其實正如馬克思在闡明歷史唯物主義原理時所描述的那樣,作為人的感性物質生活實踐活動,勞動本身至少應包含兩層關系和雙重的維度,即一方面是人和自然的互動關系,因為“一切生產都是個人在一定社會形式中并借這種形式而進行的對自然的占有”[11],而另一方面則是人與人(社會)的關系,即物質生產活動作為人類社會存在和發(fā)展的基礎,“一開始就表明了人們之間是有物質聯(lián)系的。這種聯(lián)系是由需要和生產方式決定的,它和人本身有同樣長久的歷史,這種聯(lián)系不斷采取新的形式,因而就表現(xiàn)為‘歷史’”[12]。所以,從這個意義上來說,對于勞動經濟學概念的解讀僅僅是將其視為“生產要素”之一來作說明,而僅僅從“人類歷史活動”的這一哲學概念中來解讀,勞動也會缺乏批判現(xiàn)實的“理論張力”。只有堅持從馬克思主義理論研究的整體視域下出發(fā),對勞動的解讀賦予“整體性”的限定,即對勞動的說明不偏向于任何一個方面,也不否定任何一種意義,更不忽視任何一種價值,而是在歷史唯物主義的整體性意義上去談論勞動,這樣才能真正把勞動從“手段”和“目的”中解脫出來,使其成為一種富有實踐價值和歷史意義的生命活動。而以“歷史唯物主義”為“勞動觀”做限定,就是要強調,我們必須在歷史唯物主義的整體性意境中開顯出馬克思恩格斯勞動觀的全部理論內容,堅持把勞動視為一種具有復合性、開放性、歷史性的概念,進而在對勞動整體性的把握中,更深刻地理解歷史唯物主義是如何克服以往哲學思想或消解事實性與價值性,或割裂描述性與批判性,或失落真實性與歷史性,或對立科學性與人文性的種種缺陷,進而在對“現(xiàn)實的人”的實踐批判中,完成對自身的豐富的、復雜的、完整的構建。

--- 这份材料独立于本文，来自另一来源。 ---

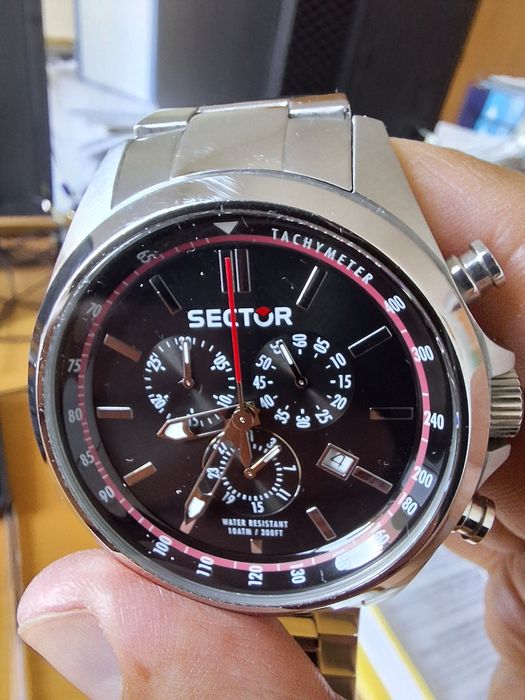 Sector 180 cronograf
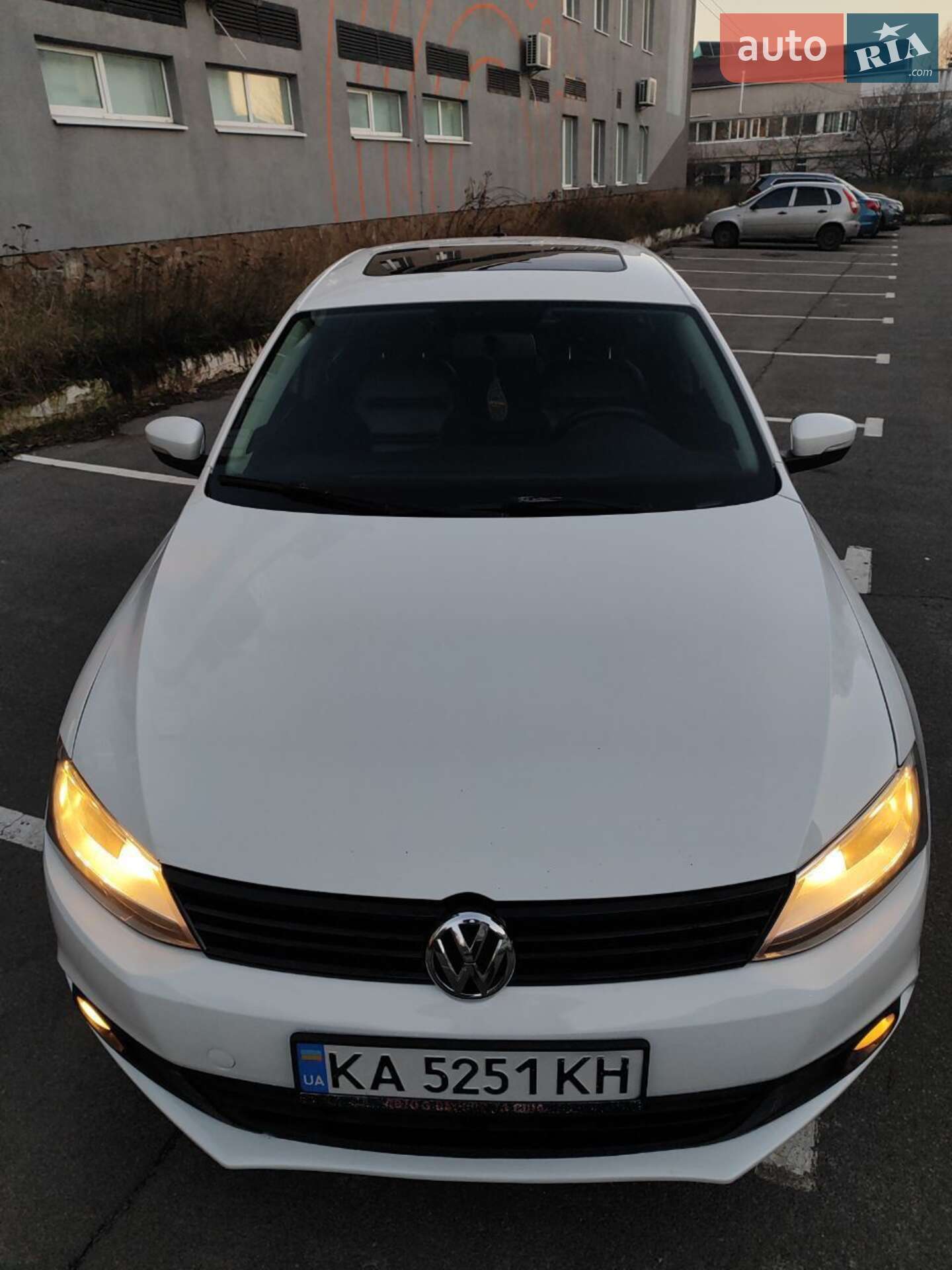 VOLKSWAGEN JETTA 2012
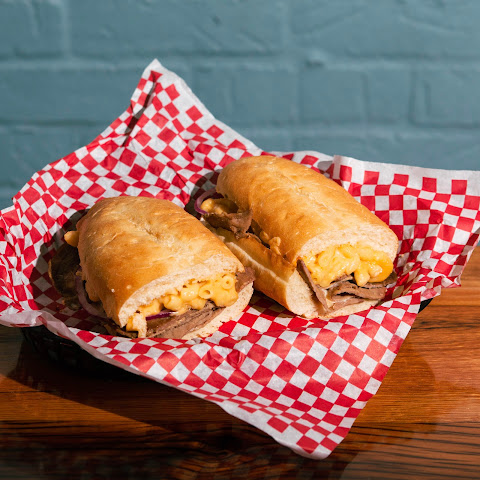 Gnarly Barley by null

半個世紀以來,“沒有一個馬克思主義者是理解馬克思的”,列寧指出了一個所有馬克思主義研究者都必須反思的問題,那就是必須把馬克思主義視為一個辯證法的系統(tǒng)工程,從整體性視角出發(fā),將學術研究統(tǒng)一于理論創(chuàng)新、現(xiàn)實關切、文本解讀、方法自覺的系統(tǒng)工作之中,只有這樣才能在文本甄別和細節(jié)辨析中,準確理解文本的原初意旨、復雜內涵和思考邏輯。回首中國學界對馬克思主義經典著作的文本研究,已走過傳承與發(fā)展的百年歷程,從五四運動到新中國成立,再到改革開放初期,經典著作研究在曲折發(fā)展中萌發(fā)著方法論自覺的意識。特別是20世紀90年代以來,以“回到馬克思”“重讀馬克思”“走近馬克思”等為籌碼的社會運動和思想研究方興未艾,重視文本研究、強調方法論自覺的“中國馬克思學”研究特色彰顯。在守正創(chuàng)新的中國學派研究中,本書也在學習借鑒中找到了一種對馬克思恩格斯勞動觀進行理解的可能性,那就是以整體視域下文本解讀模式的創(chuàng)新意識,對其進行“遵循經濟學研究的內在思路”,并“反觀其哲學發(fā)展邏輯”的新視角的解讀,由此對歷史唯物主義整個哲學體系的創(chuàng)立,進行一種盡力還原其哲學革命“原生態(tài)生成史”的解讀嘗試。